> **Data shown**:
--*--
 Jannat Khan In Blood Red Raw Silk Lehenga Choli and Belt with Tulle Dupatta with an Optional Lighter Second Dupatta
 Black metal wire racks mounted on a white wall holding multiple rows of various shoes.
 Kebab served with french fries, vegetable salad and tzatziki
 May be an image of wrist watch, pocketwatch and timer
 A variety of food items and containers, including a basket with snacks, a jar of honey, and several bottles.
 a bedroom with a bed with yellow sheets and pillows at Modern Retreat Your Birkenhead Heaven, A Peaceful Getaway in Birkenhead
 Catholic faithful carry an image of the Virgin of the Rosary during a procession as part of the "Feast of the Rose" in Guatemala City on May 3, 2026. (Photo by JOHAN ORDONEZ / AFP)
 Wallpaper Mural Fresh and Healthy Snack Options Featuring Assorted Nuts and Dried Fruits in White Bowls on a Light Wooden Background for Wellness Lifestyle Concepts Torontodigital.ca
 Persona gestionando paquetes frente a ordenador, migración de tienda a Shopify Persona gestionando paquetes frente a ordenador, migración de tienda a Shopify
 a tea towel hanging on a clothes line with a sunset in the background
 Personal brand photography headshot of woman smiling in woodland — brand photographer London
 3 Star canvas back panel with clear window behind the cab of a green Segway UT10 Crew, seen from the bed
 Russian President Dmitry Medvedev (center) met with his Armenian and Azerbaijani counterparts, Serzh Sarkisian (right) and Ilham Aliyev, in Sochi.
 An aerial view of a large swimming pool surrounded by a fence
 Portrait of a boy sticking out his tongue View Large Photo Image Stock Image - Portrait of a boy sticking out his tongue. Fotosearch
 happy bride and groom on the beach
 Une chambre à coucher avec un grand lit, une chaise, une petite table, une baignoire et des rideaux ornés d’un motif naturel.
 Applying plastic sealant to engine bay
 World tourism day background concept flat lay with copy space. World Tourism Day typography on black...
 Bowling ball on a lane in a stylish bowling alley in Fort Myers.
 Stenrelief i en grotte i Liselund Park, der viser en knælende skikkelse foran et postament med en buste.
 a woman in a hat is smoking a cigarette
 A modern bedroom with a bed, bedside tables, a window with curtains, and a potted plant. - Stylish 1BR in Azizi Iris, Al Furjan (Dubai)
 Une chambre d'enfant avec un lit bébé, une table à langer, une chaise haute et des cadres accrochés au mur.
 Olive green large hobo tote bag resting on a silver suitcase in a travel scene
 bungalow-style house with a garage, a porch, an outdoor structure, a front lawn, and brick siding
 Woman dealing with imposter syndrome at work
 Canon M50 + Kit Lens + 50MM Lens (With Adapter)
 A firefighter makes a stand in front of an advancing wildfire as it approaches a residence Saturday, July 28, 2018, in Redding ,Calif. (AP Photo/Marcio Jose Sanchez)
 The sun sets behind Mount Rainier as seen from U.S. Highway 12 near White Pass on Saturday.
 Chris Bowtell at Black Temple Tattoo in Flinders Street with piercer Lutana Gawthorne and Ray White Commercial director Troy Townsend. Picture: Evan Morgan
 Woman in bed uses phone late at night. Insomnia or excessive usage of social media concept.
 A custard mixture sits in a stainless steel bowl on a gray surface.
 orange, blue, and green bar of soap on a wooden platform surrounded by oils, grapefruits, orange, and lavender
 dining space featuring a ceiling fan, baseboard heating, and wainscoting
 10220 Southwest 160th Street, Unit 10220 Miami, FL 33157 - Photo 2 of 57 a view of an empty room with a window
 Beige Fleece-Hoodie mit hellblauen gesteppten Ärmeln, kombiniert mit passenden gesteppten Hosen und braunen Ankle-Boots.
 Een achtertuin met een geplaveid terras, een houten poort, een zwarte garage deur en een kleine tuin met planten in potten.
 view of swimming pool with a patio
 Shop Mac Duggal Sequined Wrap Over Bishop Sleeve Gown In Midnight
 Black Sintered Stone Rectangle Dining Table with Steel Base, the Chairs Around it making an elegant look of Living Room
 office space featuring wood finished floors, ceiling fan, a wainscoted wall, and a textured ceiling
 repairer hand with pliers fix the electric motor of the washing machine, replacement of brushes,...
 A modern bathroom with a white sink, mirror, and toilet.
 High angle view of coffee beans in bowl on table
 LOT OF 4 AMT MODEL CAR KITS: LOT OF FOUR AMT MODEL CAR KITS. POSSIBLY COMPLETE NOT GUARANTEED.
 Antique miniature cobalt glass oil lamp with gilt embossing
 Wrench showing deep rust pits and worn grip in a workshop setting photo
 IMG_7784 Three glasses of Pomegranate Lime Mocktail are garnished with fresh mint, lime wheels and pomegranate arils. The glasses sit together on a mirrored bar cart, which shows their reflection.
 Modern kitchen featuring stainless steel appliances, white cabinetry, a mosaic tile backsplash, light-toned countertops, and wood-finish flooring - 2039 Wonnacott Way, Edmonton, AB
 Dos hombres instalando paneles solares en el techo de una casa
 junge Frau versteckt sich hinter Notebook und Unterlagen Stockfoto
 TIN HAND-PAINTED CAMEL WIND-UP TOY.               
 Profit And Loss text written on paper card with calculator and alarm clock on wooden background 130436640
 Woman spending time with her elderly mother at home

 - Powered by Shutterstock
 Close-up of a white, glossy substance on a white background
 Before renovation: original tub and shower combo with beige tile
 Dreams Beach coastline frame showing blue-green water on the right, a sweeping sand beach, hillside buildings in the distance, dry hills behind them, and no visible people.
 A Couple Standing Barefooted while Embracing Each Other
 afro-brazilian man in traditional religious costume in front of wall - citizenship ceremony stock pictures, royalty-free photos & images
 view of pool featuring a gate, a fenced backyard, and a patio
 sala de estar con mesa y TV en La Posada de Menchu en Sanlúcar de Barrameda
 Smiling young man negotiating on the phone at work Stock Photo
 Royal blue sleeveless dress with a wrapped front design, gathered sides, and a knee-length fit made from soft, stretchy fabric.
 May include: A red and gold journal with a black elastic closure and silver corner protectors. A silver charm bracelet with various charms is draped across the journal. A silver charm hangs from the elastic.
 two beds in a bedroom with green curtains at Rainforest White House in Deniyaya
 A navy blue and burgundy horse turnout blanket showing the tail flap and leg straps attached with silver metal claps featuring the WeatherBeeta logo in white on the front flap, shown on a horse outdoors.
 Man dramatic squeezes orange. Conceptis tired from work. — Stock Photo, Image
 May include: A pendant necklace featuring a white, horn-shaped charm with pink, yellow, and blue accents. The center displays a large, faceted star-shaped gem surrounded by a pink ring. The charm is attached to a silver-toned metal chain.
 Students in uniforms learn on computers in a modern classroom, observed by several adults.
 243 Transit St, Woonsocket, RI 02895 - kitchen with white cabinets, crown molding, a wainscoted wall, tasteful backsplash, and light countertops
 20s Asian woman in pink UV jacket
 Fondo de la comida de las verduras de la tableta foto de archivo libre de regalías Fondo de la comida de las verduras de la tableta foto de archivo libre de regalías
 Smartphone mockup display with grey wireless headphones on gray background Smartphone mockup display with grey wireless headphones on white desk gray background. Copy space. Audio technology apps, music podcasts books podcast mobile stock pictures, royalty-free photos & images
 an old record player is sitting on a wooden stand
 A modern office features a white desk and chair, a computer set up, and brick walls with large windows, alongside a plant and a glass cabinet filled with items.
--*--
> **Work to be completed**: Print, without alteration, only the lines above between the one holding "Russian President Dmitry" and the one holding "Une chambre à", inclusive.

> **Response to this exercise**:
 Russian President Dmitry Medvedev (center) met with his Armenian and Azerbaijani counterparts, Serzh Sarkisian (right) and Ilham Aliyev, in Sochi.
 An aerial view of a large swimming pool surrounded by a fence
 Portrait of a boy sticking out his tongue View Large Photo Image Stock Image - Portrait of a boy sticking out his tongue. Fotosearch
 happy bride and groom on the beach
 Une chambre à coucher avec un grand lit, une chaise, une petite table, une baignoire et des rideaux ornés d’un motif naturel.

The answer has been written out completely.